As the weather keeps ok , i'll do a Saturday clean & polish , use Mer shampoo & polish , and Gtechniq to finish.


----------



## Hoggy (May 8, 2002)

Hi, Looks very nice, 8) now replace that horrible tax disc holder. :wink: 
Hoggy.


----------



## YELLOW_TT (Feb 25, 2004)

Nice work love the colour 8)


----------



## Steve CFC (Aug 11, 2013)

Hoggy said:


> Hi, Looks very nice, 8) now replace that horrible tax disc holder. :wink:
> Hoggy.


gotta link ?  
only had the car a week , give me a chance ..


----------



## Hoggy (May 8, 2002)

Steve CFC said:


> Hoggy said:
> 
> 
> > Hi, Looks very nice, 8) now replace that horrible tax disc holder. :wink:
> ...


http://www.ebay.co.uk/itm/BLUE-ALUMINIU ... 338533a65d

http://www.ebay.co.uk/itm/SILVER-Alumin ... 257f233268

Hoggy.


----------



## mullum (Sep 16, 2011)

Definitely get the twist off type ! Both of my tax disc holders (car and bike) use allen bolts and its a right pita changing them over every year !


----------



## TheMetalMan0 (Jun 30, 2009)

mullum said:


> Definitely get the twist off type ! Both of my tax disc holders (car and bike) use allen bolts and its a right pita changing them over every year !

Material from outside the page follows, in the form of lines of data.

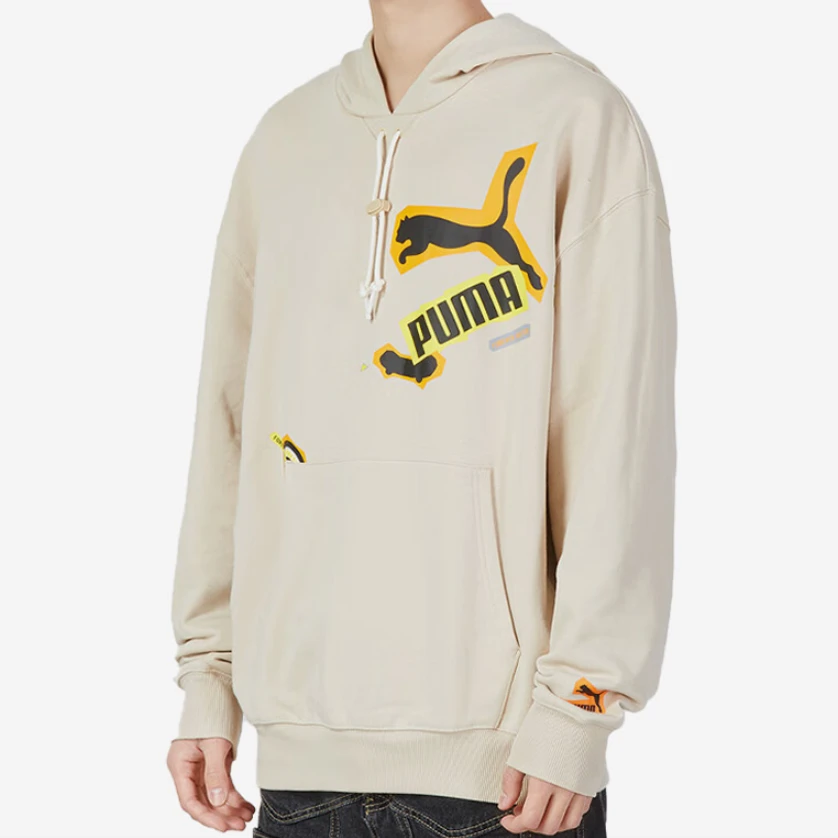 PUMA/彪马男子舒适连帽百搭运动休闲套头卫衣 539966-88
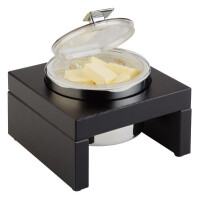 Bol răcitor BRIDGE cu bază din lemn, culoare wenge, 500 ml, 18.5x18.5x10 cm | APS 14980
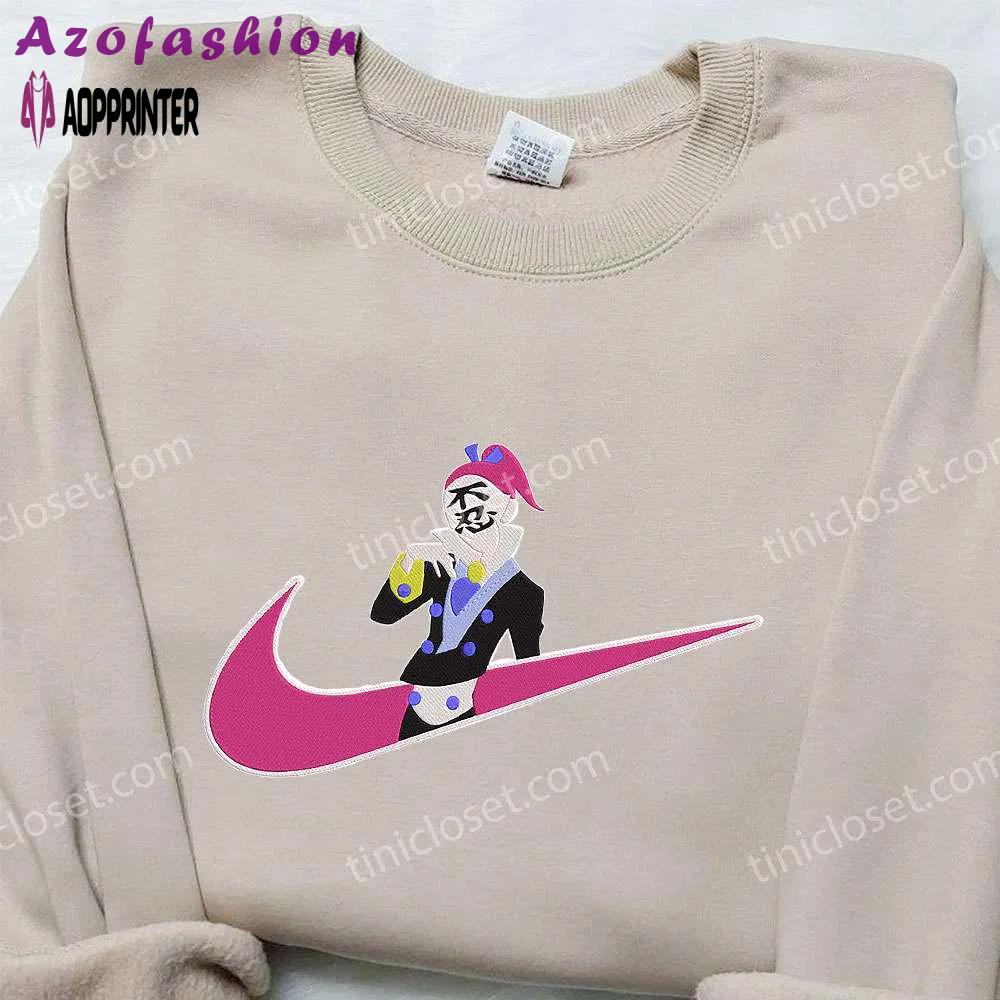 Anime embroidered hoodie & shirts: emonzaemon sōda x nike swoosh katanagatari & nike inspired Embroidered Shirt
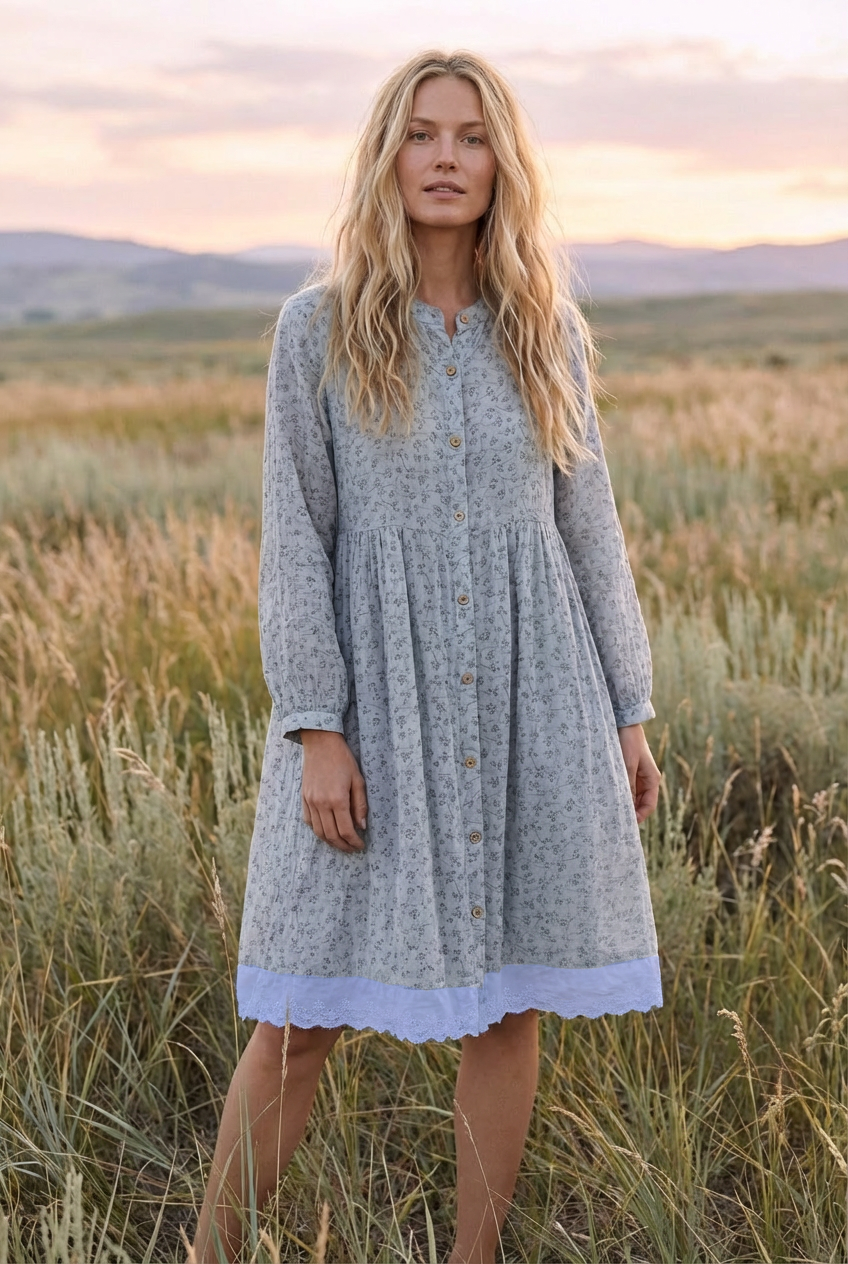 The Leah Dress | Shop 100% Cotton Dresses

Agree with this. I thought to myself, it's only once a year it'll be fine, but getting it all aligned and screwed in is such a faff!


----------



## Thorpy (Sep 15, 2013)

Looks nice mate, love the colour.


----------



## Steve CFC (Aug 11, 2013)

got the tax disc holder from Audi today , looks much better .. 8)


----------



## X5TUU (Sep 4, 2012)

true thing of beauty ... I am in the process of looking to order a sepang blue TTRS for the Mrs, just waiting to see if the dealer comes back with any better prices than OrangeWheels.


----------